Here, we share our detailed proposal. You can also review it on the Mina Foundation's GitHub page.

1) What makes ZKON best-suited to execute this project?

  1. Open Source our Collaborative ZK implementation on top of the o1js framework for the rest of the Mina community: By adopting our collaborative Zero-Knowledge (ZK) approach, Mina community will be able to reuse decentralized o1js proofs being managed a verified through ZKON zkApps. This model adds value to mina's ecosystem by creating a unique approach to import off-chain data, ensuring data authenticity and integrity without revealing the underlying data. This collaborative effort not only distributes the workload, leading to a more scalable system, but also introduces redundancy and a consensus mechanism that could further secure the protocol against single points of failure or malicious actors running stand alone o1js circuits. For the Mina community, this means a richer set of off-chain data sources can be utilized with confidence, greatly expanding the potential use cases and applications within the Mina ecosystem.
  2. Integration with an Oracle Service provide that will enable not only new price feeds into Mina Network but also to provide verified price feeds through zkApp and collaborative ZK based on o1js.
  3. Outlier Ventures Base Camp Success: Our team's recognition as the best team in the Outlier Ventures incubation under the ZK Cohort showcases our potential and credibility in the field.
  4. Dedicated and Specialized Team Composition: A full-time team of 7, encompassing roles like CEO, CTO, BD, Cryptographer, Senior Rust Developer, Junior Rust Developer, and Marketing Operations, demonstrates a well-rounded and dedicated team structure.
  5. Financial Stability and Runway: Having sufficient financial runway is crucial for the uninterrupted progress and scalability of the project. It reflects good financial planning and resource allocation.
  6. Mature and Tested Solution: The maturity and tested nature of the solution indicate reliability and readiness for market deployment, it assures potential customers of the product's efficacy and minimizes the risks
  7. Established Customer Base and Real-world Applications:
    - Existing customers from day one provide a solid foundation for business growth and market presence also for Mina.
    - Sharing customer stories like the decentralized API connector and trading data validation on your website highlights successful real-world applications of the technology.
    - The involvement with prominent projects like eGrains and DIA Data further showcases the versatility and market acceptance of our solution.
  8. Strategic Partnerships and Network Integration: We believe that with our current customer base and traction we will be able to add transactions to the Mina Network adding a strategic partnership for any further integration and customer that we add.
  9. Developer oriented: We are constantly seeking developers and community feedback to improve our documentation materials here some of the key documents for our main products: d-Auth Fast Widget, d-Auth SDK & d-Proofs.

2) ZKON proposed solution based on the requirements and core features outlined in the Mina RFP:

2.1) Background of ZKON Approach

Blockchain oracles play a pivotal role in the integration of blockchain systems with the external world, bridging the gap between on-chain and off-chain environments.
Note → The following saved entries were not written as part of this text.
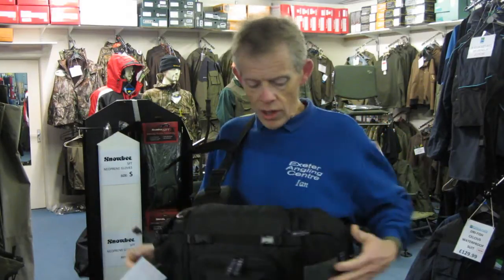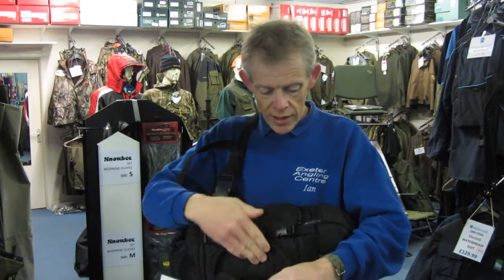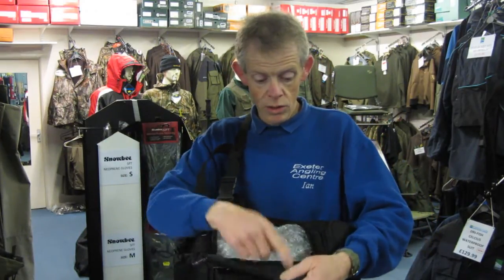If you release that strap you can pull the whole thing around and it's nice and easy to work from. You've got all your compartments that open like that, there's an accessory pocket there. The main part of the bag opens there and you can get all your bits and pieces in there — lure boxes, whatever you want.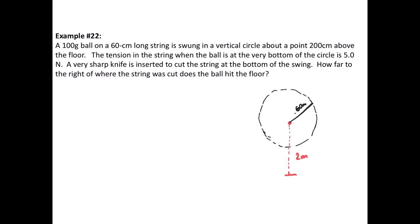The tension in the string when the ball is at the very bottom is 5 newtons. So at the point when the ball is down here, the tension is 5 newtons. A very sharp knife is inserted to cut the string at the bottom of the swing — there's a knife that's going to slice the string when it's at the bottom. The question is, as the ball swings around and gets to that point, how far is it going to travel before it hits the ground?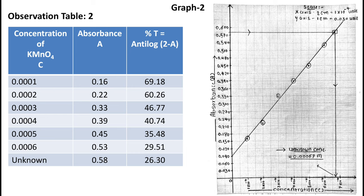Now place the absorbance of the unknown concentration on this straight line, which gives the unknown concentration — that is 0.00067 molar.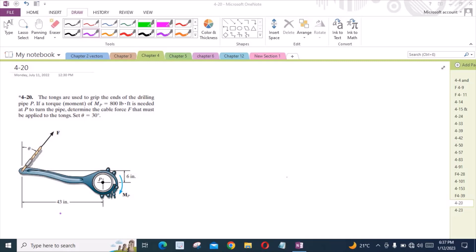According to this problem, the tongs are used to grip the ends of the drilling pipe P. If a torque of 800 lb-ft is needed at P to turn the pipe, determine the cable force F that must be applied to the tongs. Set theta equal to 30 degrees.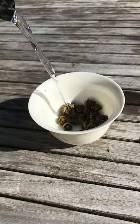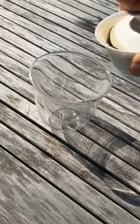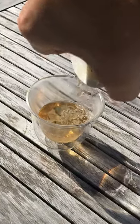When the jasmine pearls are added to hot water, the leaves expand and release a beautiful jasmine aroma into the cup. The tea has an aroma of jasmine flowers but a flavor of Chinese green tea.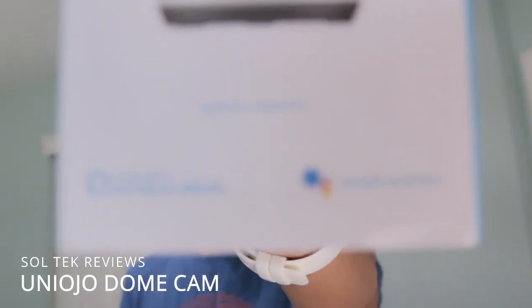The unique thing about this new Uniojo camera compared to the last one is two things. The resolution is slightly higher — this is 2K instead of slightly less than 1080p on the last one. And this also has Google Assistant and Amazon Alexa capabilities, which is pretty interesting and a little bit scary, because that's like the full package of home surveillance for big tech to have on you. You have a camera which can spy on you and then you also have Google Assistant and Amazon Alexa.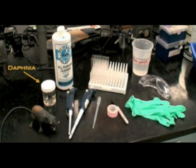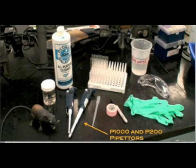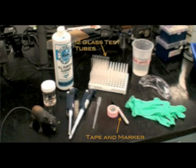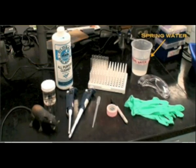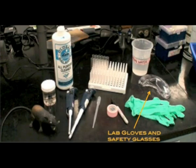To begin this experiment you will need Daphnia, P1000 and P200 pipetters, a transfer pipette, tape and marker, 12 glass test tubes, a household chemical, spring water, and lab gloves and safety glasses.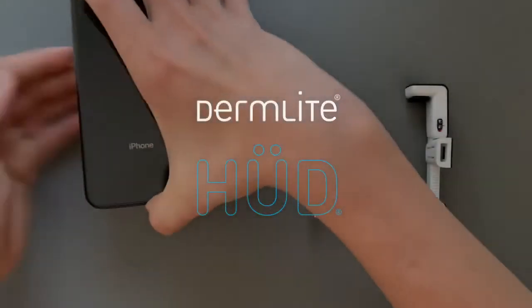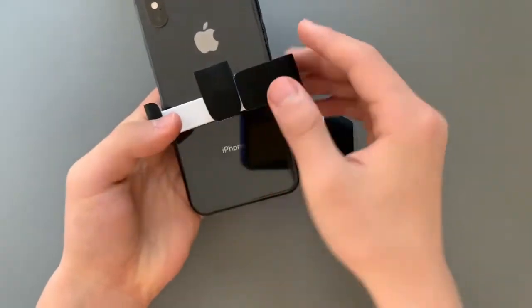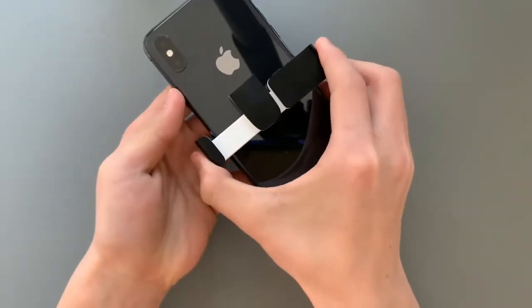This is how you use DermLight Hood to take dermatologist quality photos of your skin lesion or scalp. Hood fits smartphones between 58 and 78 millimeters wide.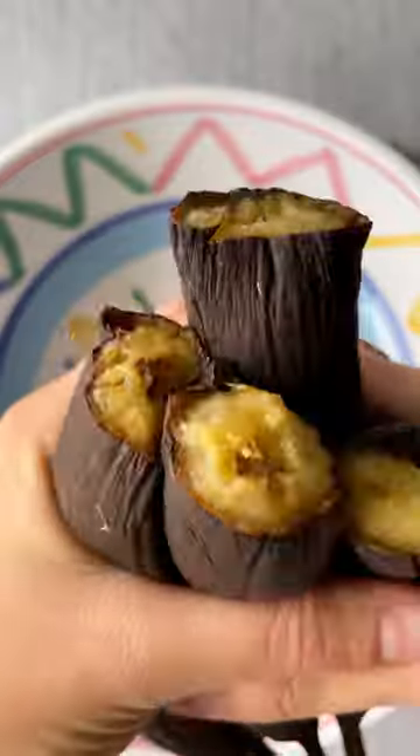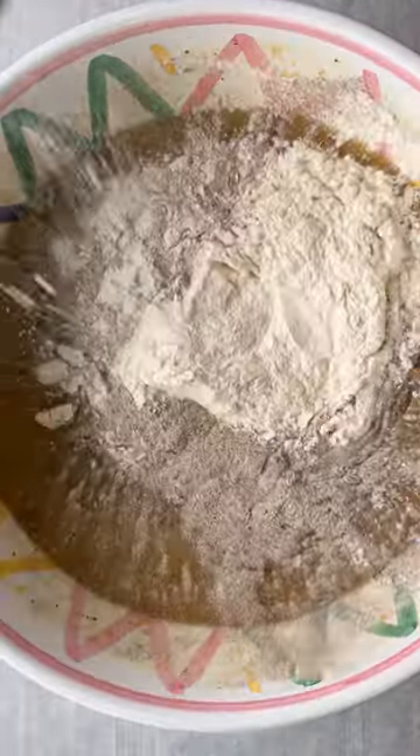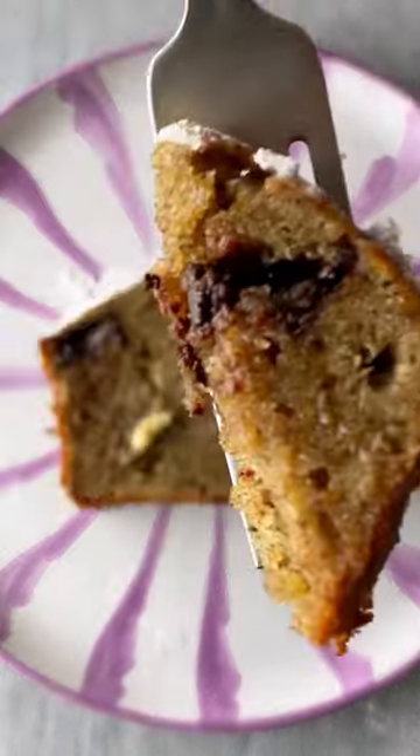If you have some rough-looking bananas sitting on your counter, this is your sign to make some banana bread. More specifically, my one bowl spiced banana bread. It's the perfect thing to bake on a Monday or Tuesday and munch on throughout the week. Grab a slice, top it with some butter, and there you have it.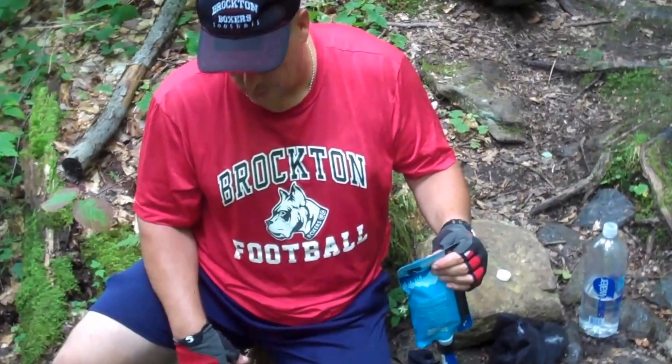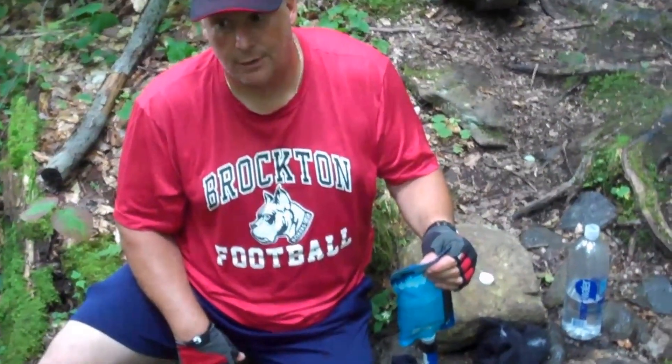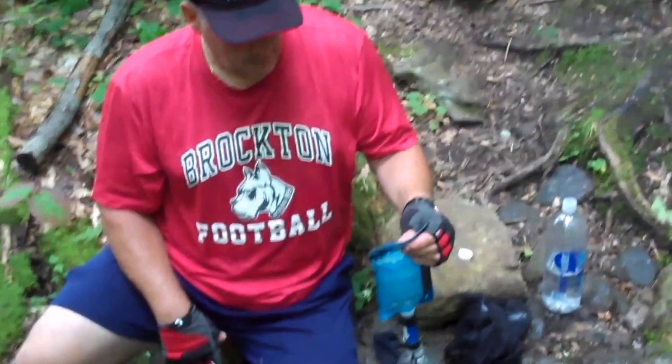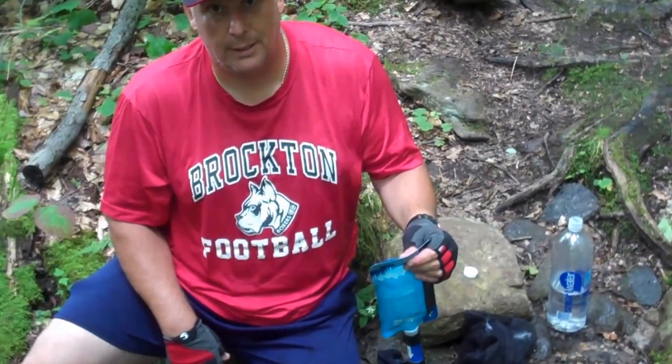Earlier in the season this was flowing a lot better. We're at the end of August, beginning of September, and a lot of the water sources out here in the Massachusetts part of the AT have dried up. Just don't pop the bag and that's it — that's what I use, the Sawyer Mini. It fills up pretty good; about three of these bags fill up a one-and-a-half-liter jug. If you have any questions on anything we've reviewed, subscribe to our YouTube page. Send us a comment — and just remember: just go out there and go backpacking.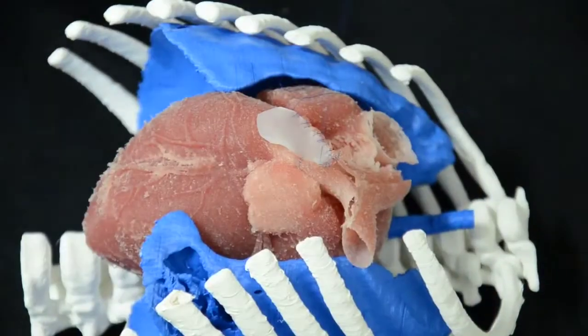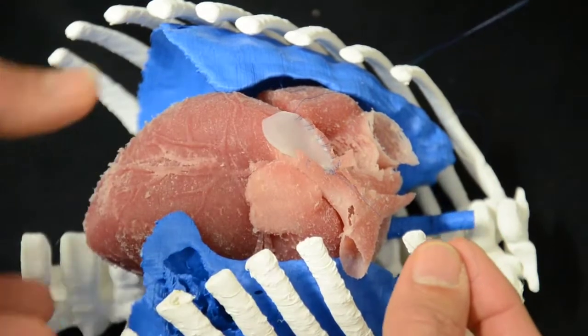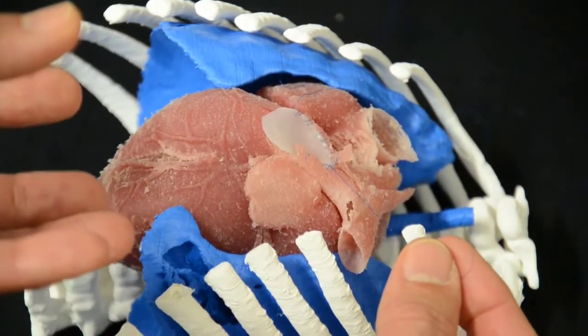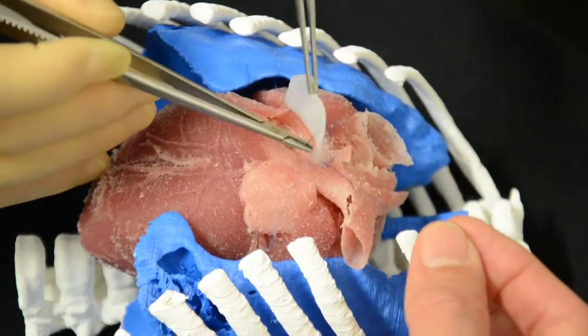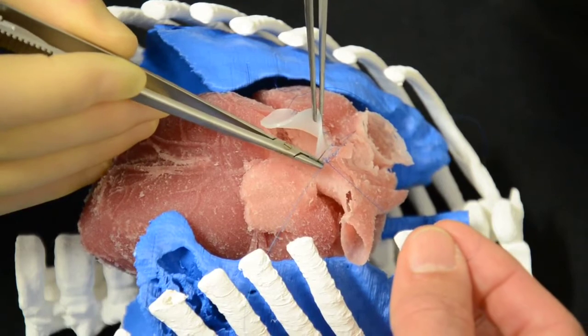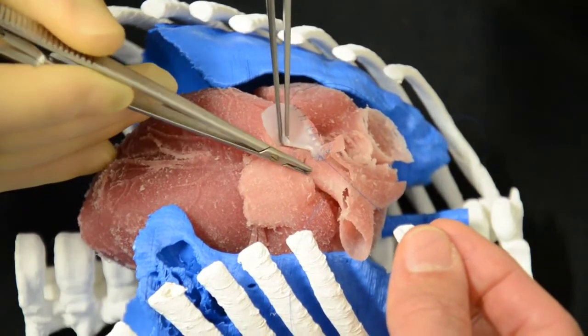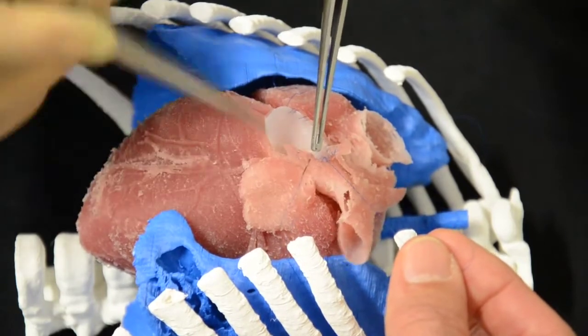So now we have nearly finished with one side — it's coming to this side. As you will understand, this is in front of us, but in reality when we do the operations it's quite inside the chest. It's very different there — slightly different the position of the heart — so normally it's a bit more difficult.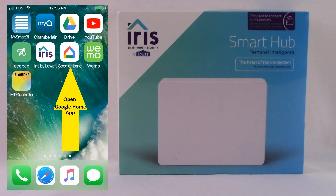What you see on your screen right now on the right-hand side is a picture of the Lowe's Iris Smart Hub packaging. On the left, I'm going to walk you through step-by-step how to pair the Google Home device with the Lowe's Iris system. What you're going to want to do is on your Apple iOS smartphone or tablet or your Android smartphone or tablet, locate the Google Home app as indicated on the left panel by the large yellow arrow, and open that app.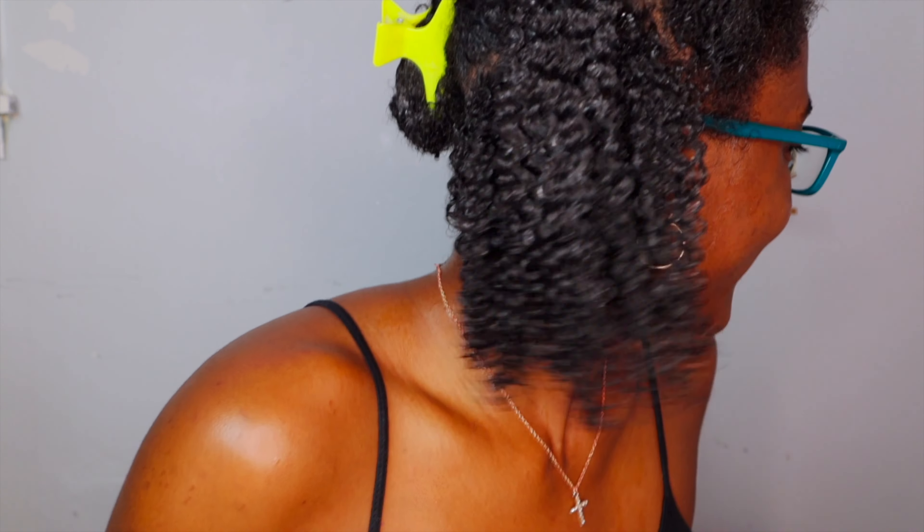When you're doing this, try not to spend all day on it — I'm taking a long time because I'm recording. Keep in mind that you do need to diffuse this, and even though the gel is holding everything together, you still need to diffuse it or sit under a hooded dryer. Take your time, but don't spend all day because you do need to apply a little heat to make sure it stays in place.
They function as on-chain Application Programming Interfaces (APIs), facilitating access to external information for smart contracts. This capability is vital since Turing-complete systems inherently lack the ability to directly retrieve external or personal data. The presence of secure oracles is particularly crucial in DeFi.

Existing oracle solutions encounter challenges in effectively incorporating private web2 legacy data and establishing completely decentralized and trustless cross communication with the web3 ecosystem. Prominent players like Chainlink, Band Protocol, and API3 have successfully integrated real-world data, such as weather forecasts and asset prices, into the blockchain. Yet, a considerable challenge remains in securely and effectively connecting private and legacy data sources to the decentralized framework.

To address these limitations, ZKON introduces an innovative trustless decentralized network as a new form of zkOracles, that merges Multiparty Computation (MPC) with Collaborative Zero-Knowledge Proofs (Collaborative ZK). This groundbreaking approach allows multiple entities to collaboratively conduct computations and validate data integrity without the dependence on a centralized authority. Utilizing Collaborative ZK, the network guarantees the correctness and privacy of data, thus enabling Smart Contracts to securely verify and use data from diverse sources. This strategy not only bolsters the reliability and efficiency of data integration in DeFi but also heralds a new era of decentralized data processing and verification.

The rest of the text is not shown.